▶ _RECORD SET_:
━━━━━━━━━━━━━━━━━━━━━━━━━━━━━━
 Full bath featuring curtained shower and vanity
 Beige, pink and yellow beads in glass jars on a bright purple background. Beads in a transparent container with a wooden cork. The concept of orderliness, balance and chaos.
━━━━━━━━━━━━━━━━━━━━━━━━━━━━━━
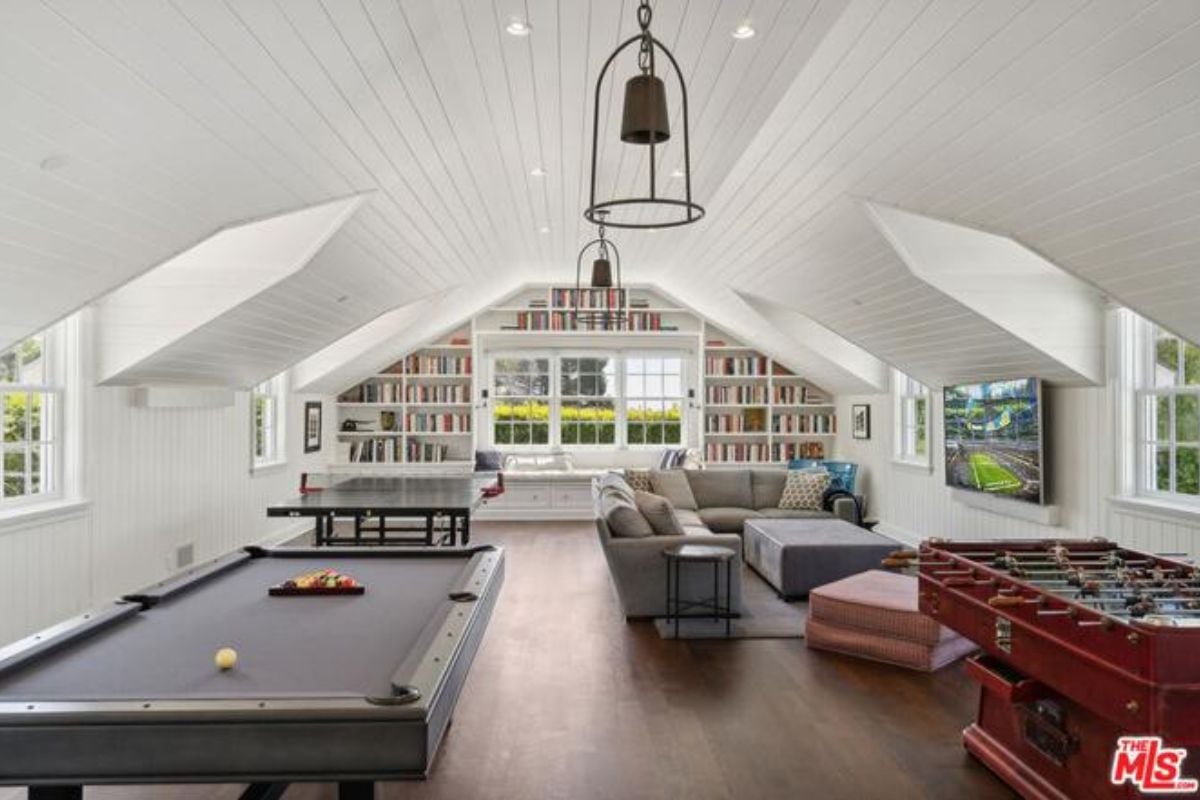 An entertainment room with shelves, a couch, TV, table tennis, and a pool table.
━━━━━━━━━━━━━━━━━━━━━━━━━━━━━━
▶ _ASSIGNMENT_:
In the listing above, start at the line with "Full bath featuring", go on through the line with "Beige, pink and", and copy each of those lines exactly; leave out all the rest.

▶ _WRITTEN SOLUTION_:
 Full bath featuring curtained shower and vanity
 Beige, pink and yellow beads in glass jars on a bright purple background. Beads in a transparent container with a wooden cork. The concept of orderliness, balance and chaos.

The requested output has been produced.